#mlpack on 2018-08-26 — irc logs at libera.irclog.whitequark.org

2018-08-06 04:28 ChanServ changed the topic of #mlpack to: Due to ongoing spam on freenode, we've muted unregistered users. See http://www.mlpack.org/ircspam.txt for more information, or also you could join #mlpack-temp and chat there.

06:10 < cult-> mlpack's impl against princomp shows huge performance gain, why armadillo's implementation so slow?

06:16 ImQ009 has joined #mlpack

06:26 vivekp has joined #mlpack

07:05 ImQ009 has quit [Quit: Leaving]

07:21 < cult-> zoq: https://prod.sandia.gov/techlib-noauth/access-control.cgi/2007/076422.pdf

07:36 ImQ009 has joined #mlpack

08:53 miqlas has joined #mlpack

08:53 < miqlas> hi and good morning.

08:56 < miqlas> i got problems during building mlpack on Haiku.
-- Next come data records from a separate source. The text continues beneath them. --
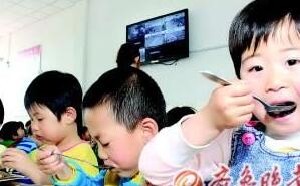 校园厨房装摄像头 全程视频直播“透明食堂”。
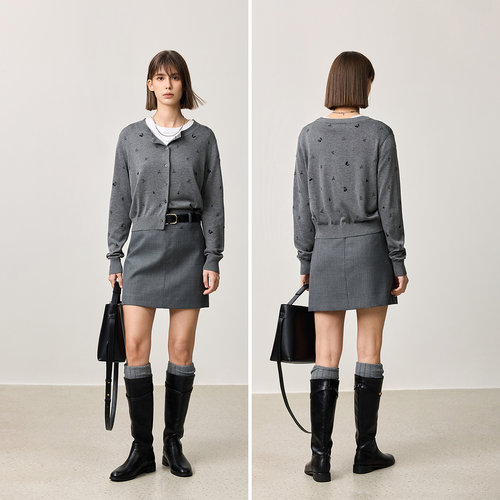 【商场同款】LILY2025新款女装亮片绣花刺绣圆领针织开衫外套女 - 图1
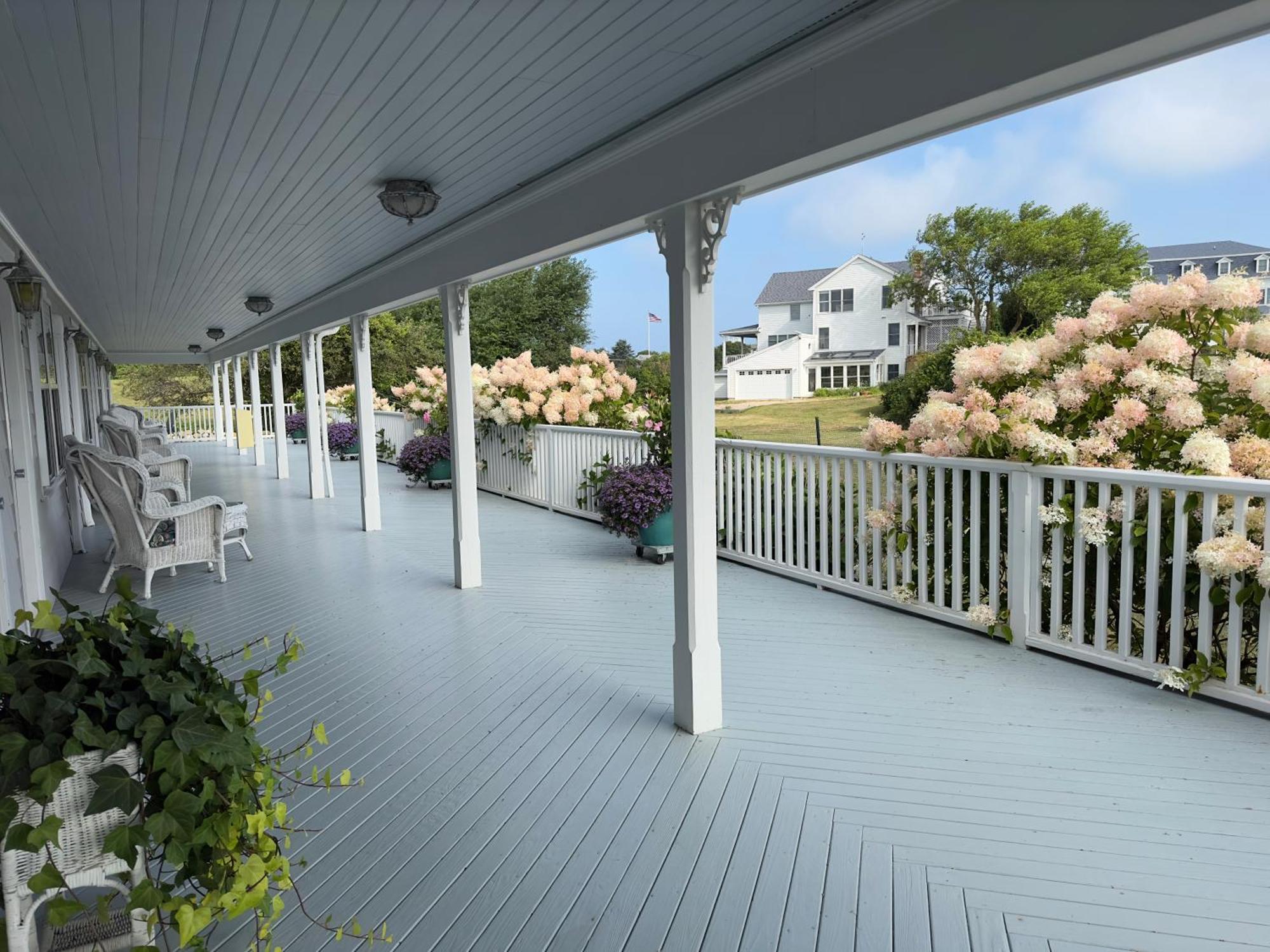 Rose Farm Inn New Shoreham Exterior photo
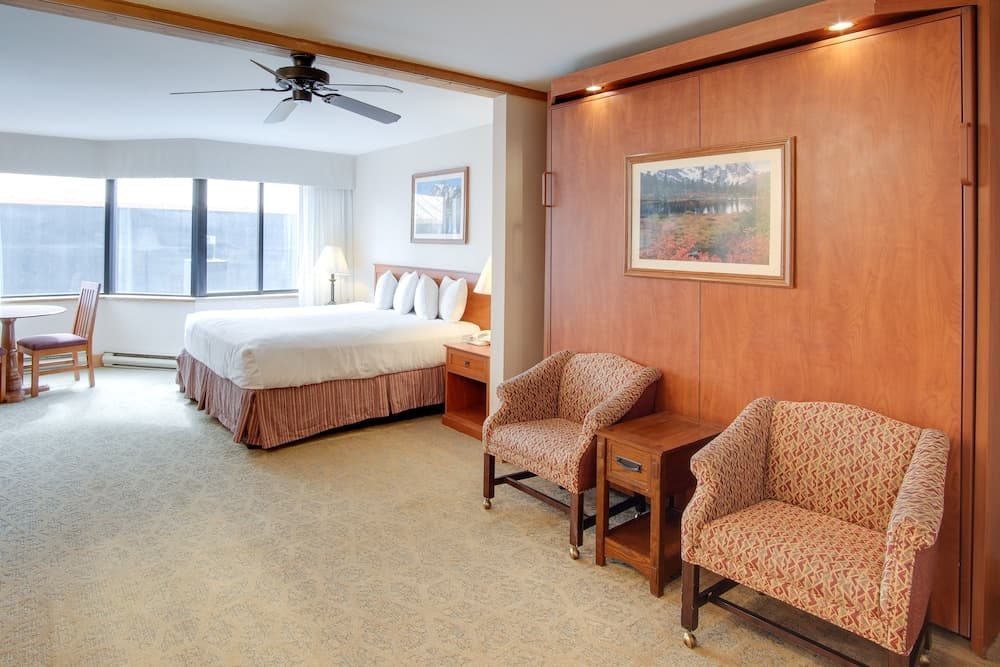 Ski-in/ski-out Crested Butte Studio w/ Pool Access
It configures and starts to build, but then: http://0x0.st/stsB.txt

08:56 < miqlas> it is strange. Afaik hdf5 is not a direct dependency for mlpack, but trough armadillo (but fixme)

08:58 < miqlas> that path /packages/hdf5-1.10.1-2/.self/develop/headers/hdf5.h surely doesn't exist ,as the current installed version is never than that.

08:58 < miqlas> It should be: /packages/hdf5-1.10.2-1/.self/develop/headers/hdf5.h

08:58 < miqlas> But i have absolutely no idea where does this path comes from.

08:58 < miqlas> Any idea?

08:59 < miqlas> It is a freshly extracted tarball, so it is not something residue from earlier configure-run.

10:48 Xenthys10 has joined #mlpack

10:51 Xenthys10 has quit [Remote host closed the connection]

10:54 duoi9 has joined #mlpack

10:56 duoi9 has quit [Remote host closed the connection]

12:14 vivekp has quit [Ping timeout: 268 seconds]

12:30 vivekp has joined #mlpack

12:47 vivekp has quit [Ping timeout: 252 seconds]

12:50 vivekp has joined #mlpack

14:15 < rcurtin> miqlas: good morning, long time no see :)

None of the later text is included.